Nothing is Perfect
- Moran Sv.
- Jul 9, 2019
- 2 min read
I didn’t write for quite a while, maybe it is because I’ve been so busy with the new life chapter. It all begin when you find your soulmate. The one who makes you laugh when you’re sad, the one who reaches for your hand whenever you want to, the one who reads your mind, the one who wakes you up with light kisses on your forehead and the one who compliments you million times… and I can just keep going. Last year, as I was very skeptical, I’ve never thought these kinds of guys existed, or is it luck? I can truly say that you never know what life brings for you, but I do know how well I am accepting it.

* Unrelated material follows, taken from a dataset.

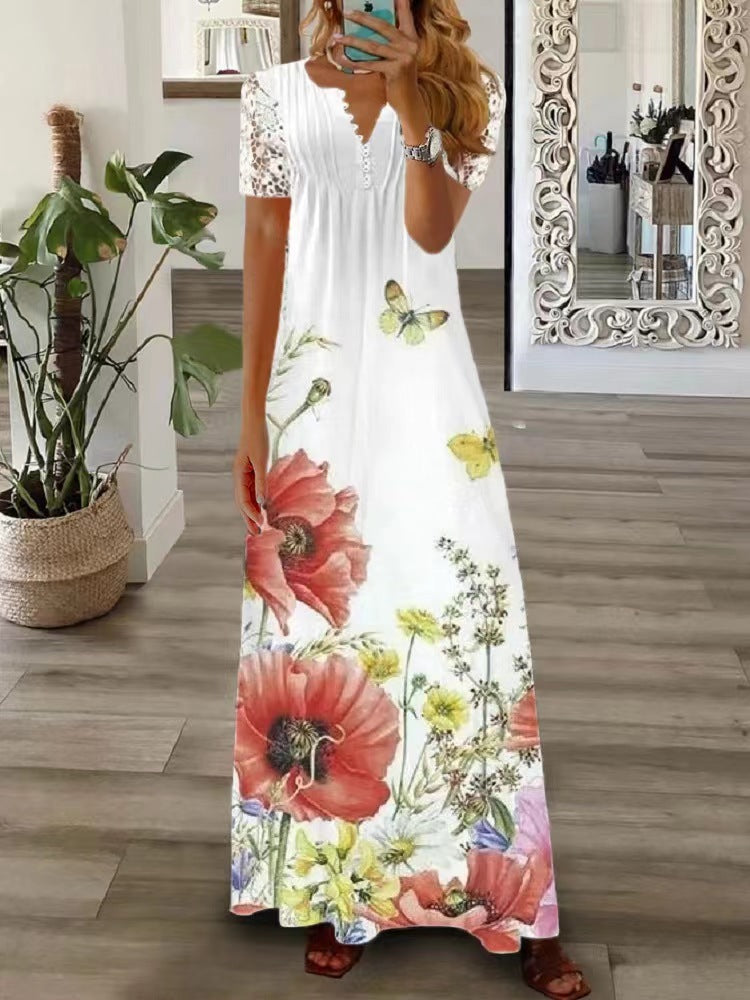 „Sophia“ – Langes Spitzenkleid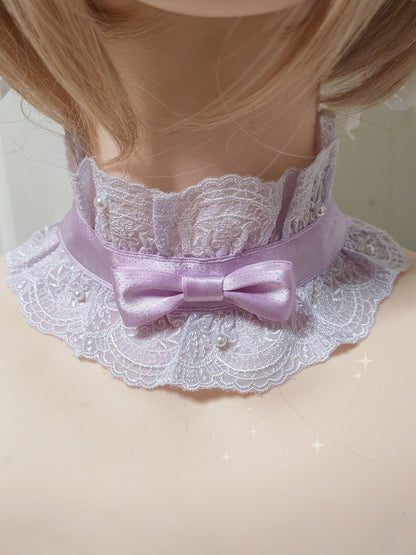 3 Beads with Choker Color Bowknot Lace Options Lolita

I was always wondering what if… what if I find that perfect guy for me, what would happen then? Will I be happy like I want to? Happiness can also conquest fear. For the past couple days, I’ve been emotionally unbalanced, and I don’t know why. I’ve been dreaming about people I don’t want to encounter on my daily basis, I’ve been less concentrated at work and very unconscious to my surroundings. As I keep wondering why this is happening, I also manage to overcome my fears and live happy by being happy. I’m glad I can do it, but it is hard, sometimes I do want to have that emotional balance that some people have.
It is way harder to live in a perfect world than living within imbalanced feelings. If everything was perfect, I wouldn’t be able to accept change, create change and look out for new adventures. My boyfriend said:
"Every big change has its own positive and negatives, it is never perfect, because nothing is perfect".
As I hold to that statement, I also understand that we always need to look at the cup half full, because if we don’t things can fall apart emotionally. Today has been a better day because I’m so grateful for the things I have.